Slovakian Prime Minister Robert Fico Eu refugees
Slovakian Prime Minister Robert Fico opposes an EU refugee relocation scheme Reuters

Following on the heels of Hungarian Prime Minster Viktor Orban, another European leader has emerged as a stanuch opponent of the EU policy on immigration. Slovakia's prime minister, Robert Fico, has been the most vocal critic of a redistribution system with mandatory quotas passed earlier this week.

The scheme to relocate 120,000 refugees has been approved with the backing of an overwhelming majority of EU governments, but Slovakia, Hungary, Romania, and the Czech Republic voted against.

Under the plan Slovakia is required to take in only 802 people, equal to 0.014% of its population, but Fico has vowed to challenge to decision before EU courts.

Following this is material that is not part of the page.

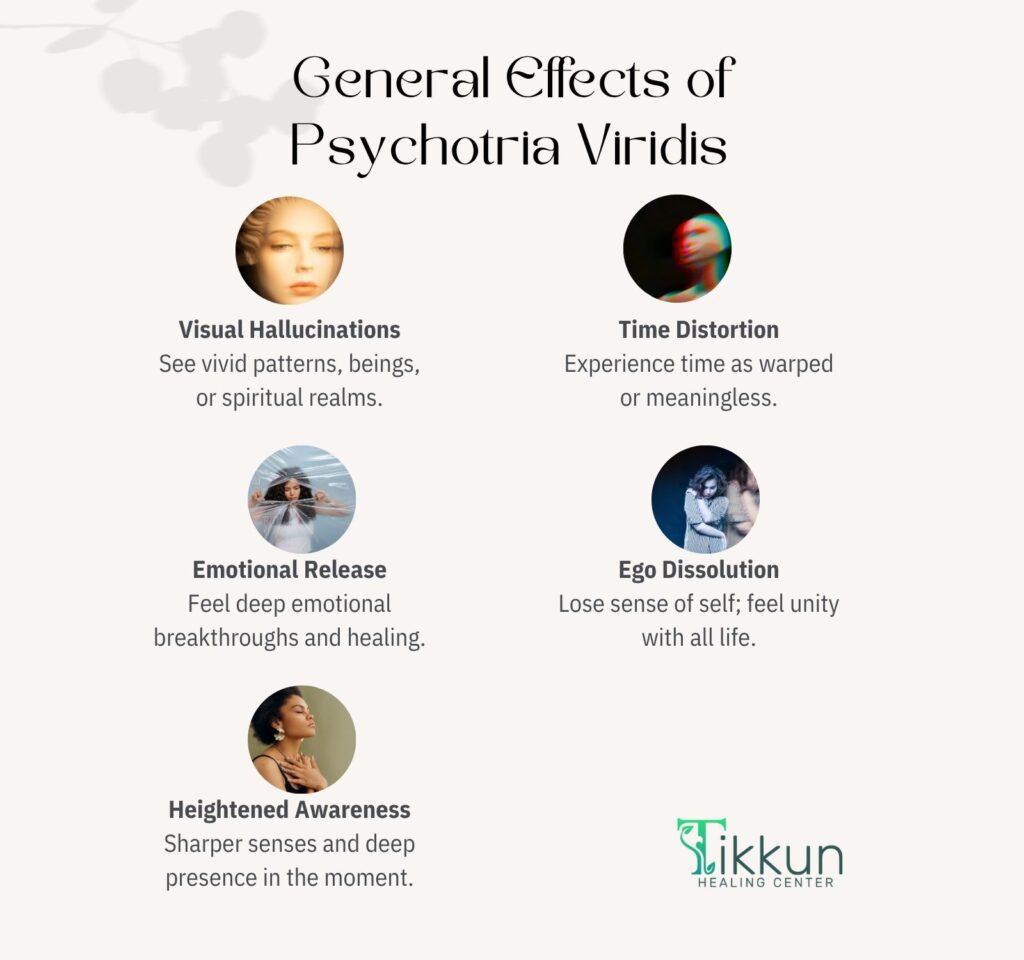 General Effects of Psychotria Viridis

"We won't implement this decision because we think it can't work," he said, describing the quota system as "irrational". "[Slovakia] is not ready to respect it. We always rejected it as nonsense," he added.

Refusing to accept refugees will cost Slovakia a financial penalty of 0.002% of its GDP – about €2m (£1.4m, $2.2m)

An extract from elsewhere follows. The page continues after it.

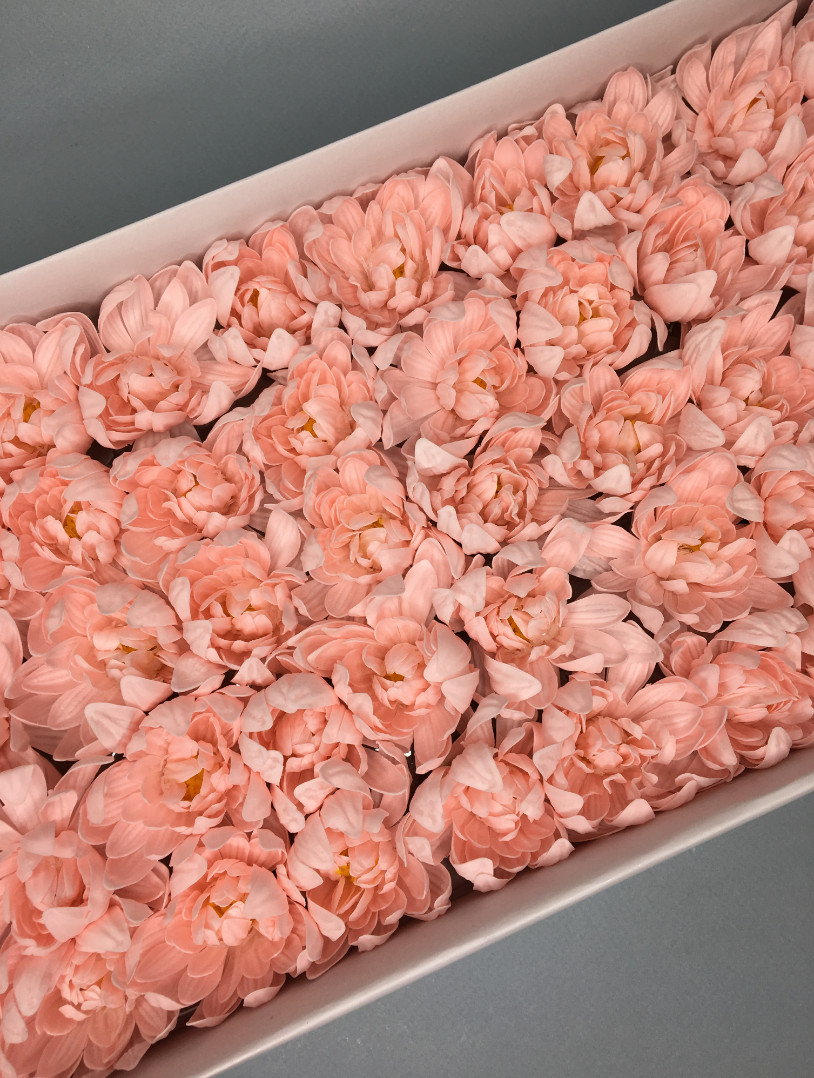 Хризантема — нежно-розовая 50 шт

Fico, 51, is campaigning to be re-elected, as Slovaks will head to the polls in March. He won the previous vote by a landslide, but has since witnessed a drop in approval and a failed bid to become president.

In 2012, he seized his current office as his Smer party won more than 44% of the vote at the general election, becoming the first since Slovakian independence in 1993 to gain an absolute majority in parliament.

The married father of one had been prime minister before, leading the country for four years from 2006 to 2010 in an uncomfortable coalition with far-right Slovak Nationalists (SNS) and the populist HZDS led by former PM Vladimir Meciar, who was once described by The Economist as a "nasty, authoritarian populist".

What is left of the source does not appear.